Two dimensional data, Series container, with both row index and column index
1. Create DataFrame
1.1 create DataFrame through list
You need to specify data, index row and columns
Specify that data and index/columns are of type list or NP arange
df1 = pd.DataFrame(data=[[1, 2, 3], [11, 12, 13]], index=['r_1', 'r_2'], columns=['A', 'B', 'C']) df2 = pd.DataFrame(data=[[1], [11]], index=['r_1', 'r_2'], columns=['A']) df3 = pd.DataFrame(data=np.arange(12).reshape(3, 4), index=list("abc"), columns=list("ABCD")) Copy code
A B C
r_1 1 2 3 r_2 11 12 13
A r_1 1 r_2 11
A B C D a 0 1 2 3 b 4 5 6 7 c 8 9 10 11
1.2 create DataFrame through dictionary
1.2.1 method 1: input a single dictionary. Note that it must be one key with multiple values (in case of single value, it must also add [])

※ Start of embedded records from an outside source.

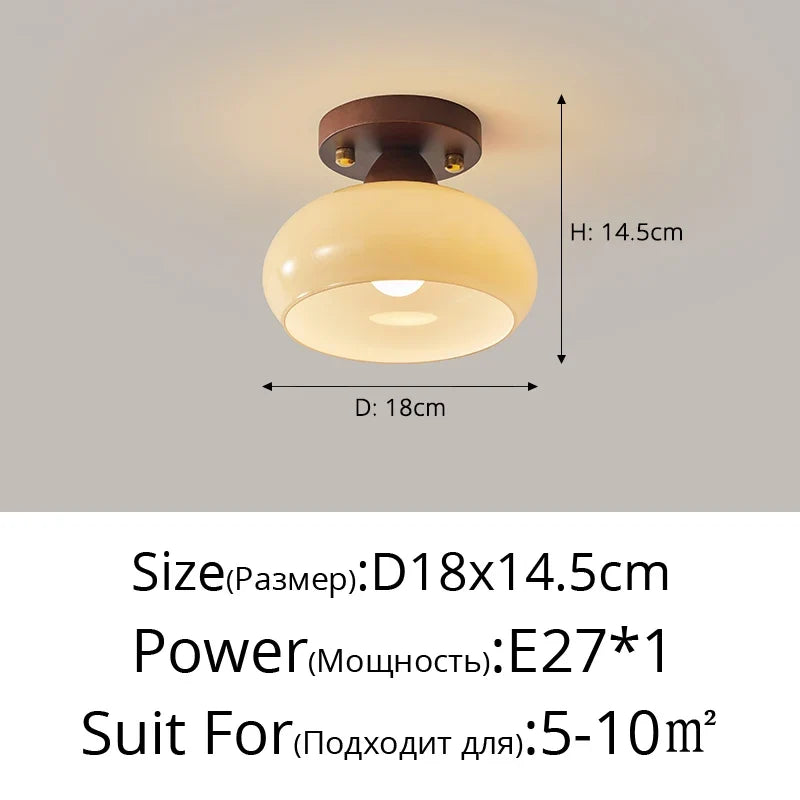 Grass Led Ceiling Lamp for Hallway, Entryway, Kitchen, Foyer Living Room Indoor Lighting white lamps home Decor Lustres fixture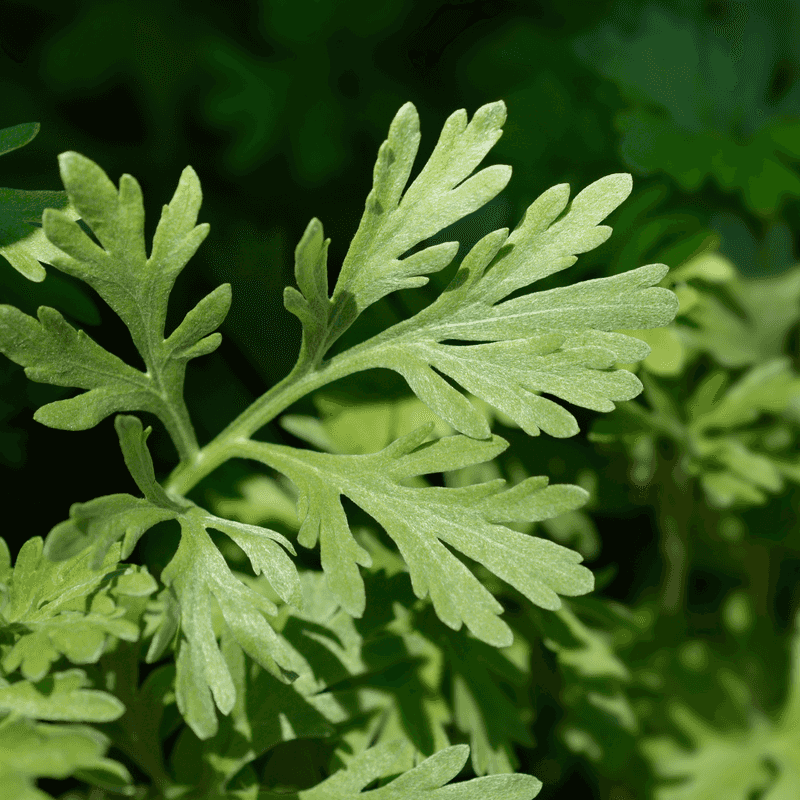 Wormwood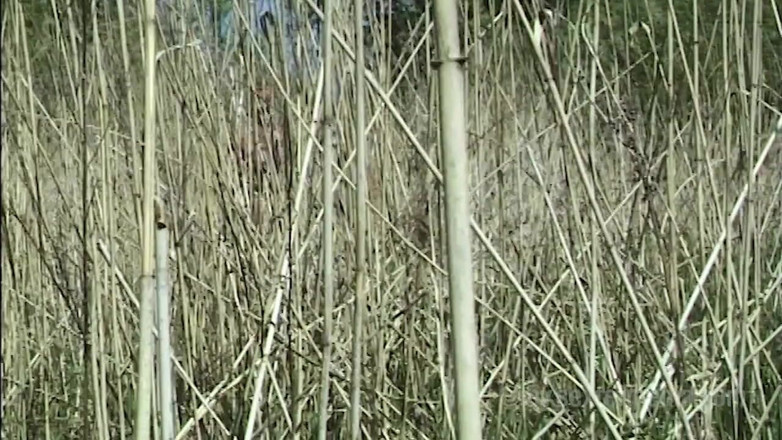 Sextermedia by Pete: Nude MILF Masturbating Outdoors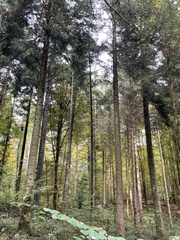 Abies alba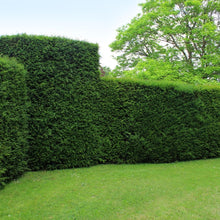 Buitenplant - Taxus Haagpakket 10 strekkende meter - Pot 12L Hoogte ↕ 100-125cm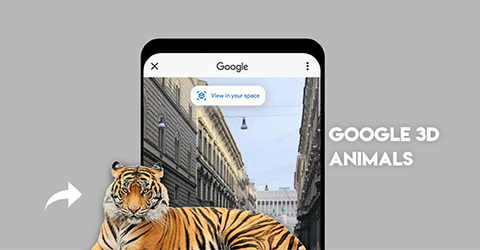 Không thể dùng Google 3D Animals: Nguyên nhân và cách khắc phục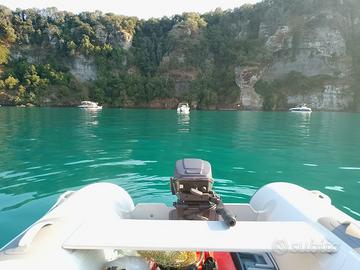 Motore Fuoribordo Jhonson 15 cv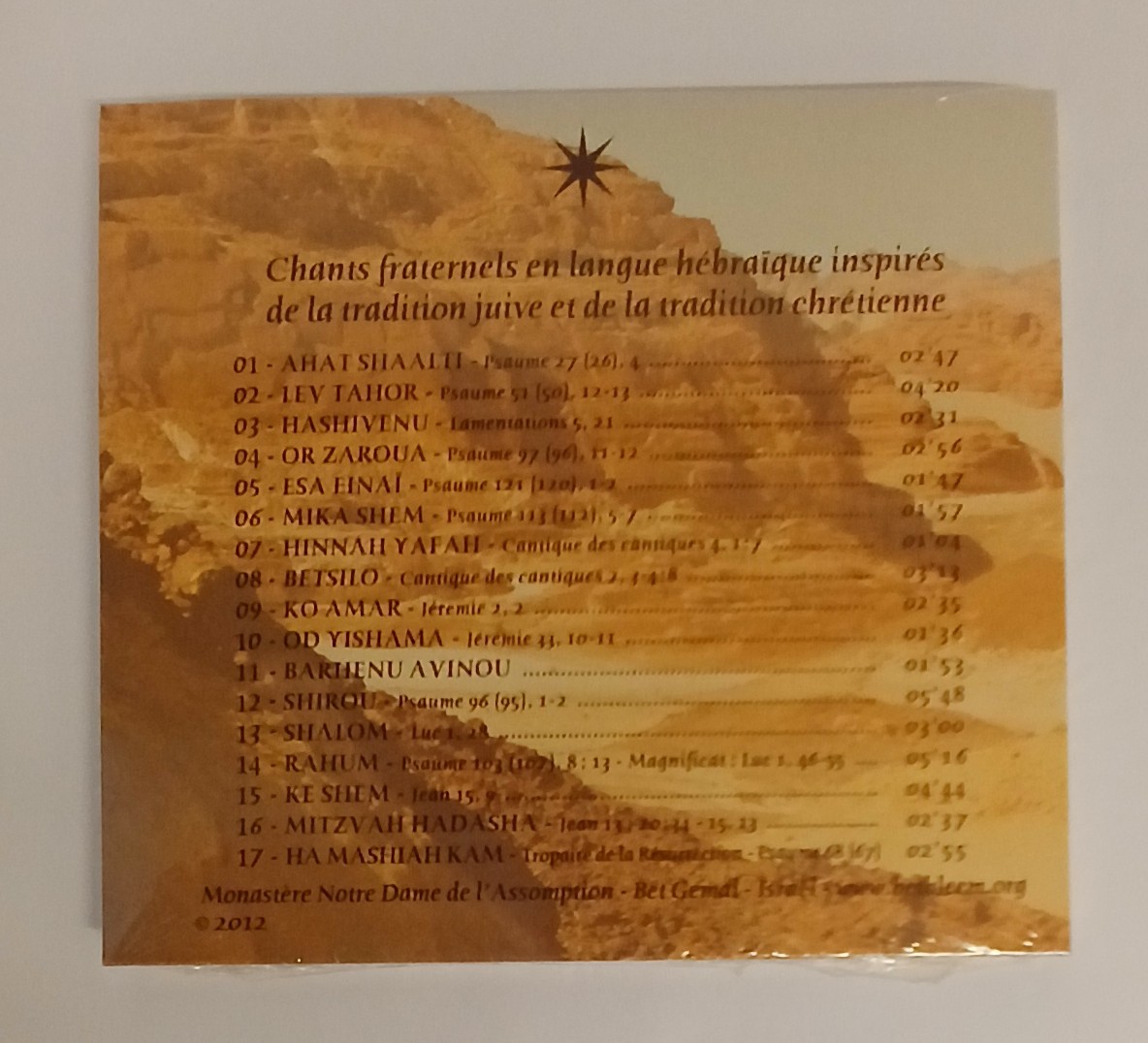 Cd ‚stimme ruft in der wüste‘ 2 Cd ‚stimme ruft in der wüste‘ – bild 2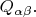$Q_{\alpha \beta}.$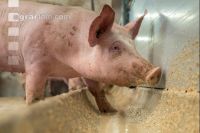 Schweine fressen 49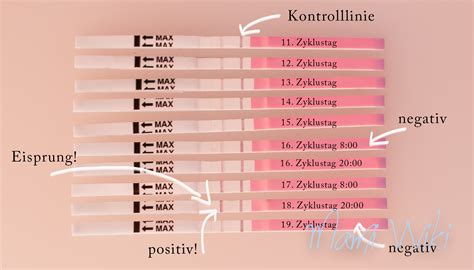 Verpackung eines digitalen Ovulationstests mit Anzeige von fruchtbaren Tagen.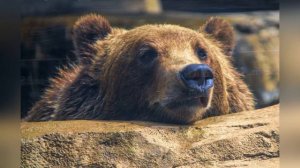 Забавные Животные//Медведь//Медвежата//Волк//Забавные Медвежата
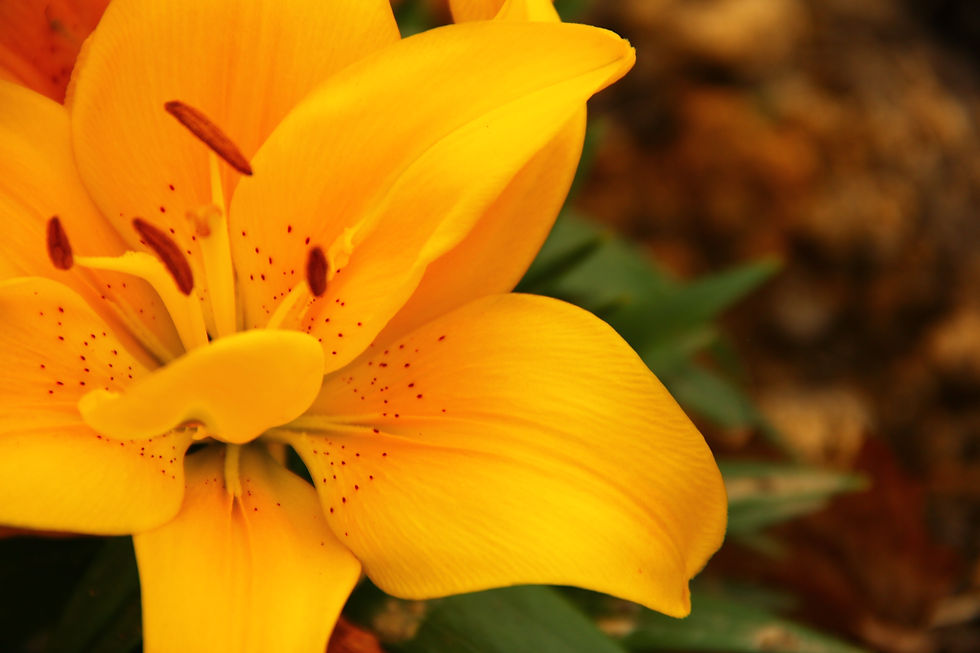 yellow lily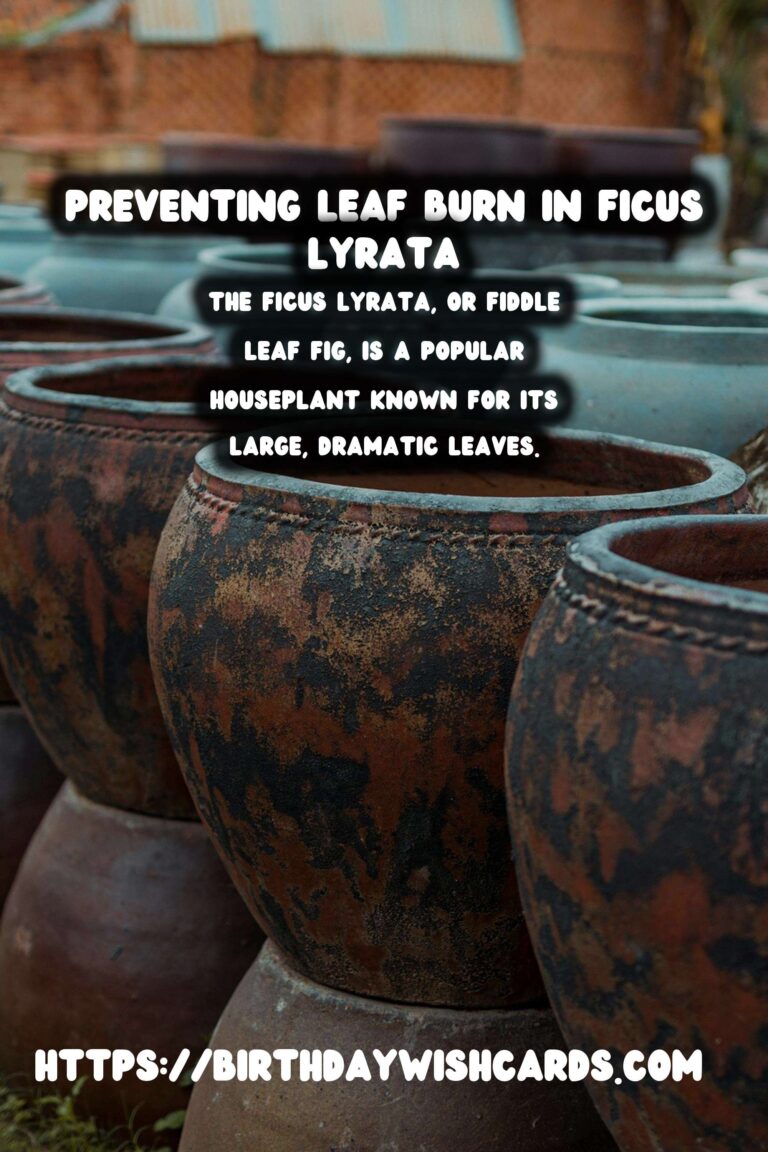 Caring for Ficus Lyrata: How to Prevent Leaf Burn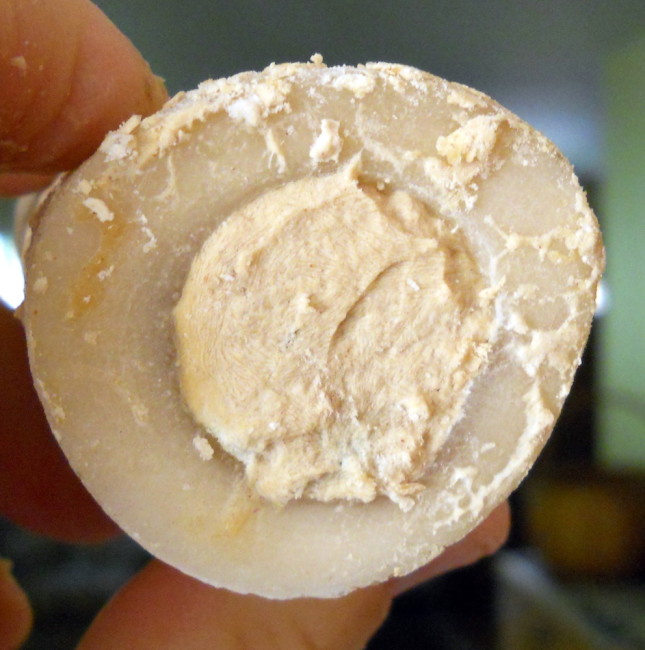 The Frozen Peanut Butter Boney.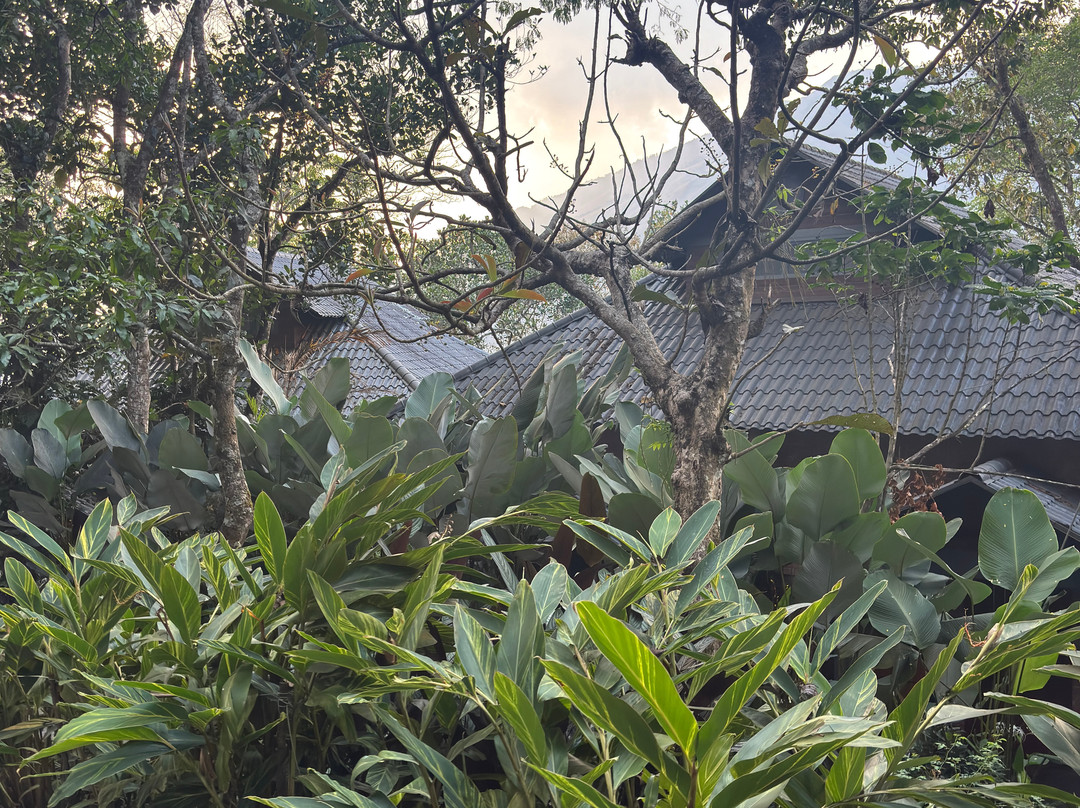 慕那尔大象通道度假村主图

dict = {"name": ["jack", "HanMeimei"], "age": ["100", "100"]} # dict = {"name": "jack", "age": "100"}#Writing like this will report an error # dict = {"name":["jack"], "age": ["100"]}#If it is a single value, you must add [] df3 = pd.DataFrame(dict, index=list("ab")) Copy code
age age1 name
a 100.0 NaN MaYun1 b 100.0 NaN MaYun2 c NaN 100.0 MaYun3
1.2.2 method 2: input the dictionary list. Each dictionary is a row of data, and the missing column will supplement nan
dict = [{"name": "MaYun1", "age": 100}, {"name": "MaYun2", "age": 100}, {"name": "MaYun3", "age1": 100}] # dict = {"name": "jack", "age": "100"} df4 = pd.DataFrame(dict, index=list("abc")) Copy code
2. Basic properties of dataframe
dict = {"name": ["jack", "HanMeimei", "Lucy"], "age": ["100", "90","98"], "salary": [30000, 50000, 999000]} df5 = pd.DataFrame(dict) print(df5) print(df5.head(1)) print(df5.tail(1)) print(df5.info()) print(df5.index) print(df5.columns) print(df5.values) print(df5.describe()) Copy code
3. All data are sorted according to the specified column
df5 = df5.sort_values(by='salary', ascending=True) print(df5) Copy code
4. DataFrame simple row and column slicing
dict = {"name": ["jack", "HanMeimei", "Lucy","Mr Green", "Mrs Han", "Lily"], "age": [100, 90,98,90,100,30], "salary": [30000, 50000, 999000,90000,80000,75000]} df6 = pd.DataFrame(dict) print(df6) # Take out the first five lines print(df6[0:5]) # Take out the name column print(df6["name"]) # Take out the name column of the first three rows print(df6[0:3]["name"]) Copy code
5. loc row and column slicing
5.2 * just remember the following one. It's troublesome to remember too much
The basic format is:
df7.loc[that 's ok,column] Copy code
If you take consecutive rows or columns --- use slice:
If you take out discontinuous rows or columns - use list []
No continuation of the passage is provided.